[Recorded information]
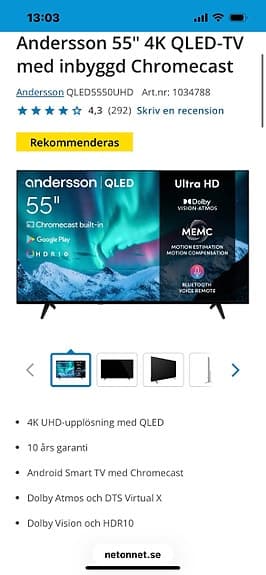 Andersson TV 55 tum 4K QLED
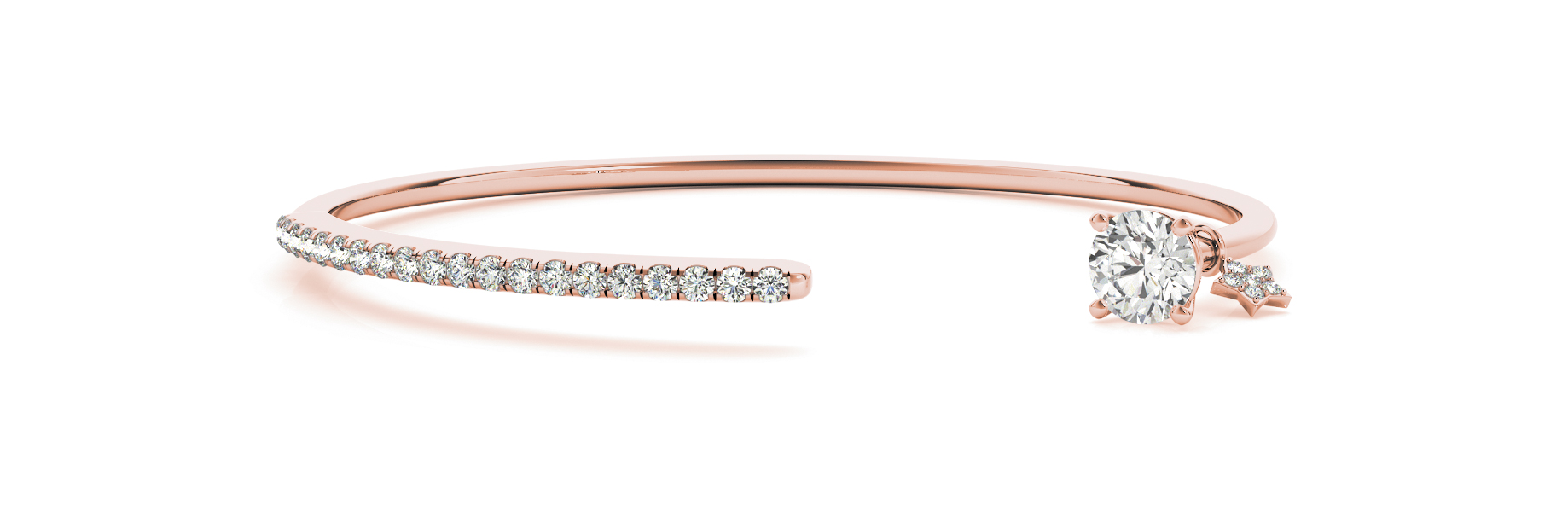5/8 ct tw 14kt gold White Bracelet 1 - 8X6 Oval ,20 - .025PT Round ,6 - .0125PT Round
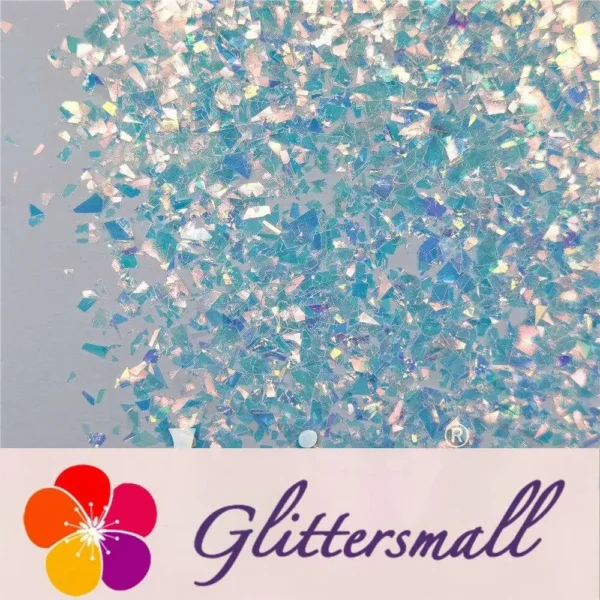 Iridescent Cellophane Glitter Flakes Shard C021 4x4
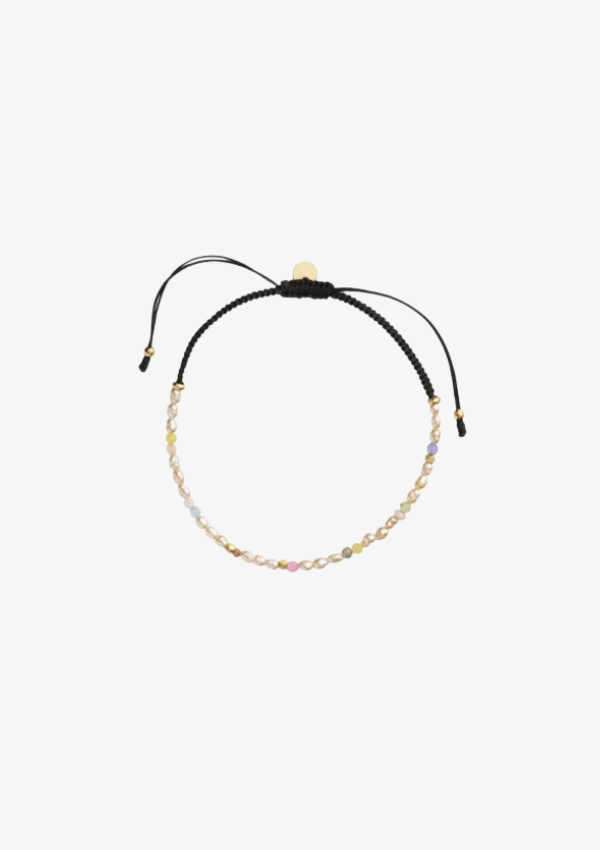 STINE A ARMBÅND - CONFETTI PEARL BRACELET WITH BEIGE AND PASTEL MIX WITH BLACK RIBBON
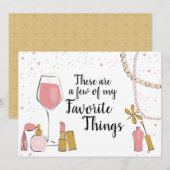 Invitation Enseigne des Choses Préférées (Devant / Derrière)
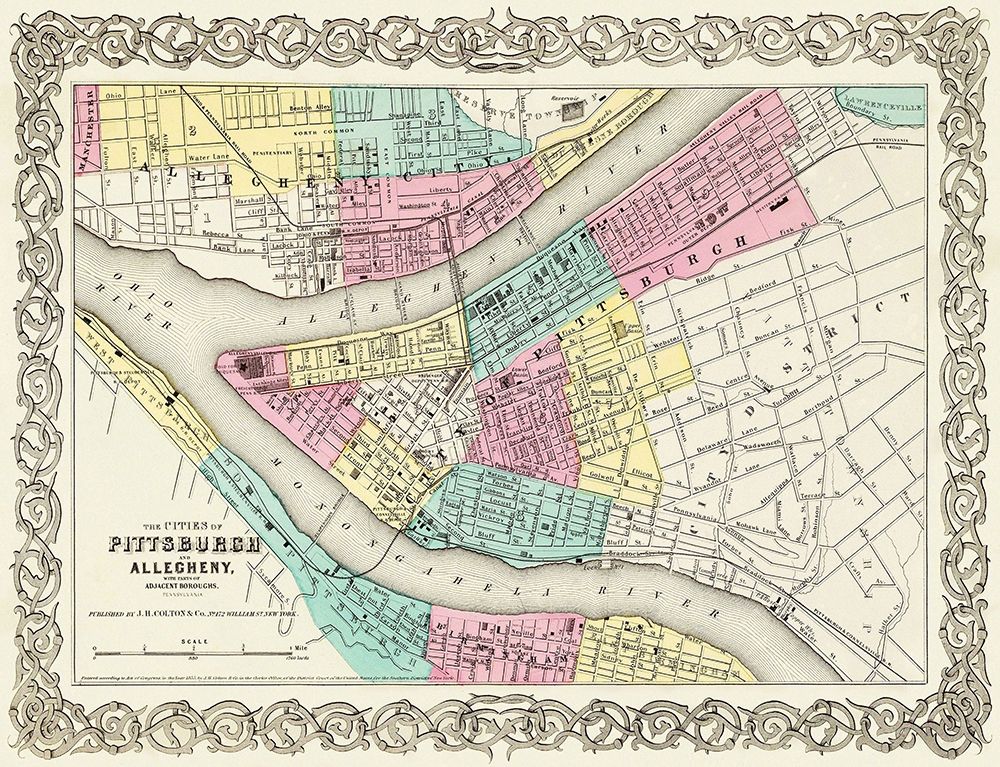 Pittsburg Pennsylvania - Colton 1855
[/Recorded information]
▶ Directions for this task
Please set down, exactly and with nothing added, the lines from the line with "5/8 ct tw 14kt" to the end of the entries above, omitting pictures.

▶ Response to the exercise
5/8 ct tw 14kt gold White Bracelet 1 - 8X6 Oval ,20 - .025PT Round ,6 - .0125PT Round
 Iridescent Cellophane Glitter Flakes Shard C021 4x4
 STINE A ARMBÅND - CONFETTI PEARL BRACELET WITH BEIGE AND PASTEL MIX WITH BLACK RIBBON
 Invitation Enseigne des Choses Préférées (Devant / Derrière)
 Pittsburg Pennsylvania - Colton 1855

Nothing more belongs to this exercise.